The story may be apocryphal. I've never been able to document it. A candidate had purchased an hour of television time the night before the election. It was the very cheapest airtime he could get, near the end of the broadcast day. The election was close and both candidates were almost out of money. He figured if he could use that one big hour to persuade just a few voters, it might tip the balance to him. One big hour in a last minute push.
Shortly before his ad was to air, he found out his opponent had bought the five minutes of broadcast time just before his big hour. His campaign thought that was pretty funny. Five minutes for his opponent, followed by his entire hour hammering the other fellow.
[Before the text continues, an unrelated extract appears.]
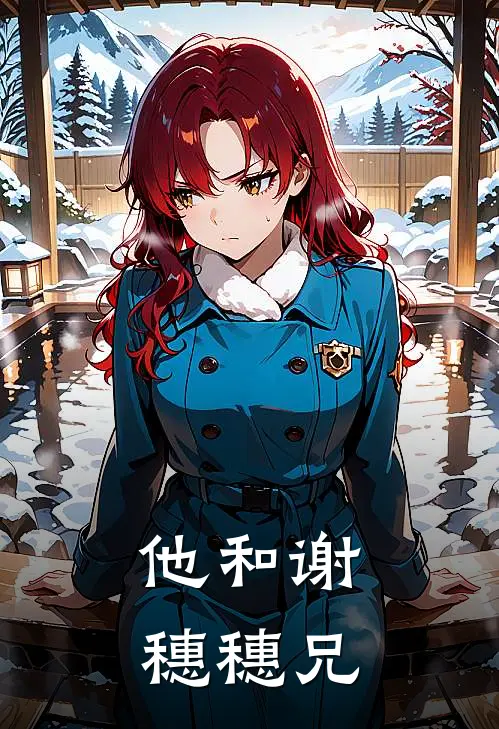 他和谢穗穗兄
The candidate and his staff gathered around their television to watch the opponent's five minutes, to be followed by their own hour. The opponent's time came on. A voice said "thank you for watching tonight." Then a flag was shown flying as the national anthem was played. The remaining four minutes was static and snow. The simulated end of the broadcast day reduced viewers to about zero. Nobody watched the big hour long political message.
Okay. Probably never happened.
But TPM's Muckraker guides us to a local story in a Gannett publication with a similar ending. Less creative, it seems to me, more brute force. But just as effective. And this one actually did happen. Really.
A heavily moneyed incumbent was invited by a local television station to debate his challenger. The incumbent didn't see any reason to give his opponent an equal platform, so he declined. The station taped the debate without him. It was a classic Clint Eastwood empty chair kind of deal. The challenger was interviewed in a debate format, with the empty chair reminding the television audience that the incumbent had decided not to face his opposition directly.
That made the incumbent pretty sore. He contacted the station in person and really let them have it. He told them he would stop running ads with the television station, and that his "level of cooperation in the future" with the station "could be affected". The station obediently withdrew from hosting the segment.
The incumbent is Congressional Representative Richard Hanna, a Republican from the Utica, NY, area. The television station, WUTR-TV Channel 20, is managed by Stephen Merren. Merren sent a very frank email message to a staff member of the Democratic opponent, Dan Lamb.
“We are going to have to back out of this taping on Friday and deal with our relationship with Congressman Hanna on our own,” Merren said in his Wednesday e-mail, which described Hanna as “angry.”
It has been more than three and a half decades since the Supreme Court, in Buckley v. Valeo, decided that money is the same as speech. You can't limit free speech, but the court did allow for some campaign limits. It's independent expenditures by individuals that were let loose. You can't keep those individuals with lots and lots of money from essentially buying the only megaphone in town. Conservatives have since been appointed to the Court who feel the decision didn't go far enough. Justice Antonin Scalia is the main voice on the court for eliminating even the thin sort of what now passes for regulation.
One unanticipated effect of the philosophy of money-is-speech turns out to have been pretty much inevitable. Those with enough money can not only buy up all the microphones, they can buy enough duct tape to gag dissenting voices. They can do this through intimidation. At least they can if a newspaper decides, as corporations can be expected to decide, that profits come ahead, way ahead, of freedom of the press.
The announcement by email to the Democrat was honest, at least. The station needed to protect the relationship with the incumbent member of Congress. Station Manager Stephen Merren explained the announcement this way. He had sent the email to the Democratic staffer by accident. He didn't intend to let anyone know the station had been threatened. That part was supposed to have been kept secret. Oops. Sorry about that.
You see, money is speech. And the principle is that we have to protect free speech. Even if the free speech that is money pretty much crushes the free speech that is actually speech.